A respeito dos picos de ruído, o STJ fixou, por meio do REsp 1886795/RS e do REsp 1890010/RS, representativos de controvérsia repetitiva (Tema 1083), a seguinte tese jurídica:
O reconhecimento do exercício de atividade sob condições especiais pela exposição ao agente nocivo ruído, quando constatados diferentes níveis de efeitos sonoros, deve ser aferido por meio do Nível de Exposição Normalizado (NEN). Ausente essa informação, deverá ser adotado como critério o nível máximo de ruído (pico de ruído), desde que perícia técnica judicial comprove a habitualidade e a permanência da exposição ao agente nocivo na produção do bem ou na prestação do serviço".
Portanto, possível o reconhecimento de atividade especial quando há exposição a picos de ruído superiores aos limites legais e há registro de exposição contínua ao agente nocivo.

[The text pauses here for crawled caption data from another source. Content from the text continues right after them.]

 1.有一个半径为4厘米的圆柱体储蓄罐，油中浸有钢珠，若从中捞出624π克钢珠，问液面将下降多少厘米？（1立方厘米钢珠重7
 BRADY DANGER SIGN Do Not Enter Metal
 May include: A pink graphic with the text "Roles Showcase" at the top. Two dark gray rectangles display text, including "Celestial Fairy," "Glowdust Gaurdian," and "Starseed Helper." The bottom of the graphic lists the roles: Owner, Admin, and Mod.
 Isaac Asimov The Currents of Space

A metodologia de aferição NHO-01 da Fundacentro (Nível de Exposição Normalizado - NEN) se tornou obrigatória so mente a partir de 18-11-2003, com a entrada em vigor do Decreto 4.882/2003. Nesses termos, quando a informação acerca do NEN constar do processo, ele será considerado para fins do enquadramento da atividade como especial, uma vez que essa metodologia, que considera as variações da incidência de ruído, efetivamente retrata de modo fiel as condições de trabalho a que o segurado está submetido. Contudo, quando não houver indicação da metodologia utilizada para aferição dos níveis de ruído, ou for utilizada metodologia diversa, o enquadramento deve ser analisado de acordo com a aferição do ruído que for apresentada no processo, bastando que a exposição esteja embasada em estudo técnico realizado por profissional habilitado para tanto (AC 5015224-47.2015.4.04.7200, TURMA REGIONAL SUPLEMENTAR DE SC, Relator PAULO AFONSO BRUM VAZ, em 19/09/2019; QUINTA TURMA, Relatora GISELE LEMKE, em 08/07/2020; TRF4, AC 5020691-74.2019.4.04.7100, SEXTA TURMA, Relatora TAÍS SCHILLING FERRAZ, juntado aos autos em 07/06/2021).

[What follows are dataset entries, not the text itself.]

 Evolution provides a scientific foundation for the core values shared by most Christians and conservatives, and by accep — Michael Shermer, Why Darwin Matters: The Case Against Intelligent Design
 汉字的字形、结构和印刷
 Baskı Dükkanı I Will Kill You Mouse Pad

Outrossim, em se tratando de níveis variáveis de ruído, será adotado o critério de “picos de ruído”. Nesse sentido o STJ decidiu, no julgamento do Tema 1.083:
O reconhecimento do exercício de atividade sob condições especiais pela exposição ao agente nocivo ruído, quando constatados diferentes níveis de efeitos sonoros, deve ser aferido por meio do Nível de Exposição Normalizado (NEN). Ausente essa informação, deverá ser adotado como critério o nível máximo de ruído (pico de ruído), desde que perícia técnica judicial comprove a habitualidade e a permanência da exposição ao agente nocivo na produção do bem ou na prestação do serviço.(REsp 1890010/RS, Rel. Ministro GURGEL DE FARIA, PRIMEIRA SEÇÃO, julgado em 18/11/2021, DJe 25/11/2021)

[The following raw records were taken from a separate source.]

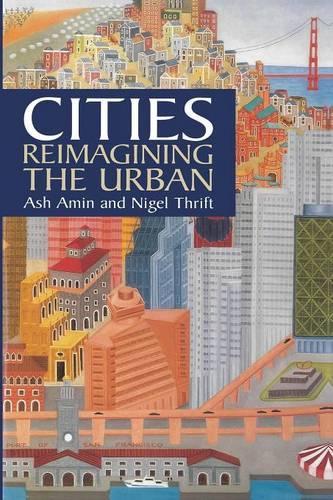 Паперова книга «Cities: Reimagining the Urban», авторів Еш Амін, Найджел Тріфт - фото №1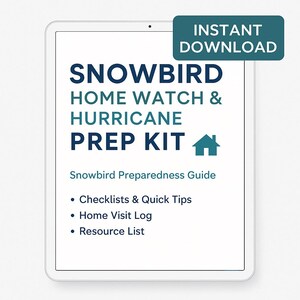 May include: A digital tablet displays a teal and white "Snowbird Home Watch & Hurricane Prep Kit" with a house icon. The guide includes checklists, quick tips, a home visit log, and a resource list. An "Instant Download" label is in the upper right corner.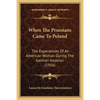 When The Prussians Came To Poland: The Experiences Of An American Woman During The German Invasion (1916) - Paperback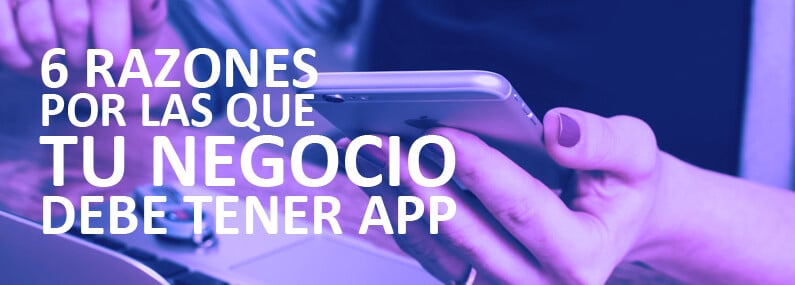 6 Razones por las que tu negocio debe tener una App móvil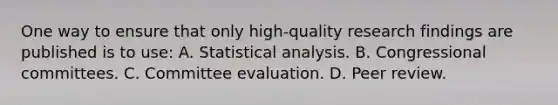 One way to ensure that only high-quality research findings are published is to use: A. Statistical analysis. B. Congressional committees. C. Committee evaluation. D. Peer review.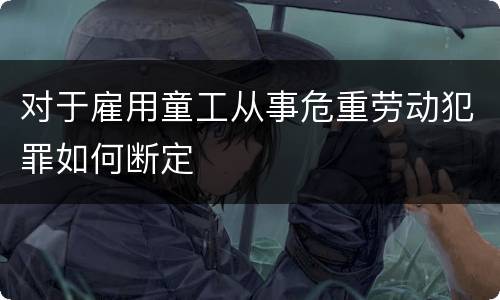 对于雇用童工从事危重劳动犯罪如何断定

Ressalta-se, ainda, que mesmo que não se saiba a quantidade exata de tempo de exposição ao agente insalubre, poderá o segurado ter seu período de trabalho reconhecido como especial. Torna-se, nesse caso, necessária a demonstração de que o segurado estava sujeito, diuturnamente, a condições prejudiciais à sua saúde. A propósito, a jurisprudência desta Corte, ipsis litteris:
PREVIDENCIÁRIO. APOSENTADORIA POR TEMPO DE SERVIÇO. ATIVIDADE RURAL EM REGIME DE ECONOMIA FAMILIAR. INÍCIO DE PROVA MATERIAL. TEMPO DE SERVIÇO ESPECIAL. HABITUALIDADE E PERMANÊNCIA. INTERMITÊNCIA. (...) 3. Os requisitos da habitualidade e da permanência devem ser entendidos como não-eventualidade e efetividade da função insalutífera, continuidade e não-interrupção da exposição ao agente nocivo. A intermitência refere-se ao exercício da atividade em local insalubre de modo descontínuo, ou seja, somente em determinadas ocasiões. 4. Se o trabalhador desempenha diuturnamente suas funções em locais insalubres, mesmo que apenas em metade de sua jornada de trabalho, tem direito ao cômputo do tempo de serviço especial, porque estava exposto ao agente agressivo de modo constante, efetivo, habitual e permanente.(AC nº 2000.04.01.073799-6/PR,TRF-4ª Região, 6ª Turma, Rel. Des. Federal Luiz Carlos de Castro Lugon , DJU 9-5-2001).
Quanto aos equipamentos de proteção individual (EPI), o seu uso revela-se ineficaz para neutralizar os danos causados ao organismo humano no caso do Agente ruído. Isso porque, consoante já identificado pela medicina do trabalho, a exposição a níveis elevados de ruído não causa danos apenas à audição, de sorte que protetores auriculares não são capazes de neutralizar os riscos à saúde do trabalhador. Os ruídos ambientais não são absorvidos apenas pelos ouvidos e suas estruturas condutivas, mas também pela estrutura óssea da cabeça, sendo que o protetor auricular reduz apenas a transmissão aérea e não a óssea, daí que a exposição, durante grande parte do tempo de serviço do segurado produz efeitos nocivos a longo prazo, como zumbidos e distúrbios do sono.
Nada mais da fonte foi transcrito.